Conviction Stand or Political Stunt?
David Davis suffered a major reverse to his ambition when he failed to gain the Tory leadership. Worse, he was dismissed as a grey, unexciting, uninteresting politician compared to the man who steamed past him to the Tory prize, David Cameron. Now, with his announcement that he will resign his seat to fight a by-election over the issue of 42 days detention, Davis is back at the centre of the political storm. He is the one seen as a risk-taker. A politician prepared to gamble with his career in order to defend a point of principle. This is not a roundabout type of leadership bid, but it is a bid to remind the Tories, and the public generally, that he is a force to be reckoned with.
It is a fascinating political stunt, and you have to give credit to Davis for his understanding of political drama - an understanding lamentably absent when he fought for the leadership. But we should understand first, that this is a wholly unnecessary gesture, and second that it is not much of a gamble.
First, David Davis has always opposed the 42 days detention bill, and the other encroachments on civil liberties that he is fighting this by-election about. His position has not changed. His constituents know that their MP opposes further attacks on civil liberties, as he sees it, in the form of ID cards, 42 days detention etc. He is standing for re-election on exactly the same platform that he is currently representing his constituents. There is no change in his position. He is still a Tory. He has represented his views in parliament, for his constituents, with consistency. There is therefore no reason whatsoever for him to stand down and fight a by-election. It is an utter waste of public funds, and it asks for no new or fresh support for a radically changed position.

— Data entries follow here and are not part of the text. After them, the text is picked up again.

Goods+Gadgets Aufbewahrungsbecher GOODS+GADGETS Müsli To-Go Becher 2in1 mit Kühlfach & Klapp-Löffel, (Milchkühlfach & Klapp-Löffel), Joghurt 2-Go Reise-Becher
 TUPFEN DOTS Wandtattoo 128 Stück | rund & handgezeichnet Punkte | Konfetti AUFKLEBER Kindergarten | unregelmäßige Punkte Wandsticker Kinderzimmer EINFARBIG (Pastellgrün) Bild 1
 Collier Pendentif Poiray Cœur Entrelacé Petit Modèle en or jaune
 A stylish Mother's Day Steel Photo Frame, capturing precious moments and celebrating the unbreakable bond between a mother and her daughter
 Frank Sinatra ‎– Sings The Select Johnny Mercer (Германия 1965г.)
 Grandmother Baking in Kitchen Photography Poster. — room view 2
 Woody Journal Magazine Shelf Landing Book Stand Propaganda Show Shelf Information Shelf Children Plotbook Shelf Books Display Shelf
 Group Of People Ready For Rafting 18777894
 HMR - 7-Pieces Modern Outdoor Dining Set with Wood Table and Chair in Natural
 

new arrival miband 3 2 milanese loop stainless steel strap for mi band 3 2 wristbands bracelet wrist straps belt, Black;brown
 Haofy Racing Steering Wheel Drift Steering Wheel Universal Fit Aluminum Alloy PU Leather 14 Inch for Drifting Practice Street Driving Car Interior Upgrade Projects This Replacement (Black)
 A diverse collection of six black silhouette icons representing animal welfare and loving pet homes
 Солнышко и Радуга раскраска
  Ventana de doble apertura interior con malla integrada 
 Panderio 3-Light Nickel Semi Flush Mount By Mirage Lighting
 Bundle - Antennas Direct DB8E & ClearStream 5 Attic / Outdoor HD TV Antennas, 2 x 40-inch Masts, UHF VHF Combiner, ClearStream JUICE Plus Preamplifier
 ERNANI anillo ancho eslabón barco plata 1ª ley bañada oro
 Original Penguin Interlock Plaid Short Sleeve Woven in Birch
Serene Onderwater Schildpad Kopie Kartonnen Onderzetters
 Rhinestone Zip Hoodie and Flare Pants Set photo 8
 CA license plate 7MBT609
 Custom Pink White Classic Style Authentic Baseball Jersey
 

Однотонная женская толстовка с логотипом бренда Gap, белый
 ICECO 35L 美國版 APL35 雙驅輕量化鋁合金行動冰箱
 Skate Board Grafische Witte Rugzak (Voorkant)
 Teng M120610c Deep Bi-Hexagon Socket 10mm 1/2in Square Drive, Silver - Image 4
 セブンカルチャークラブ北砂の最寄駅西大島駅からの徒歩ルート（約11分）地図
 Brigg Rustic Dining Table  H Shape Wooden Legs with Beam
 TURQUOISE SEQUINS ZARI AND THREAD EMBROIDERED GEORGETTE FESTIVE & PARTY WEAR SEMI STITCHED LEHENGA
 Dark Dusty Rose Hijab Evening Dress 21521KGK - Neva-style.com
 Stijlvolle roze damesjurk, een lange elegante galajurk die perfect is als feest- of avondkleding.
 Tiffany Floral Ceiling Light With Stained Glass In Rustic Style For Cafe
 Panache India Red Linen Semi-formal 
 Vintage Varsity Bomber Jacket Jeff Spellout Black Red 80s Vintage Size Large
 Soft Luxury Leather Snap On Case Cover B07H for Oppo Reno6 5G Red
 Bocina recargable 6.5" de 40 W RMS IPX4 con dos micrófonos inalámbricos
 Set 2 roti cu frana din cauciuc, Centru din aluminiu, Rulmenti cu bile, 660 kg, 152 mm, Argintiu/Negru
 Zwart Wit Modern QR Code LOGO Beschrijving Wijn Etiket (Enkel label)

Furthermore, it is difficult to argue, a mere few weeks after Labour's catastrophic defeat in Crewe and Nantwich, that this is a big gamble. If Labour can't win in Crewe, the chances of them taking Davis' 5,000 plus Tory majority away from him in Haltemprice is as likely as Tony Blair apologising for something he was actually responsible for. Davis has taken a shrewd look at the political weather, seen that he risks very little for his dramatic gesture, and stepped into the political limelight with considerable agility. The main risk to him is that he becomes seen as irrelevant, or trivial.
And what of the Tory party? Cameron can hardly be pleased about this unnecessary political distraction. The last thing he needs is a prima donna prancing around the corpse of Gordon Brown. Once Davis is re-elected, there is little Cameron can do to avoid re-appointing him to his old job, with added grassroots support for admiring Tory members. Which is a pity, as the one good thing to come out of this is Dominic Grieve's well deserved shadow cabinet promotion as Davis' successor. Should Davis falter - and the political landscape is nothing if not rock-strewn - then the Tories will at least benefit from Grieve's new prominence.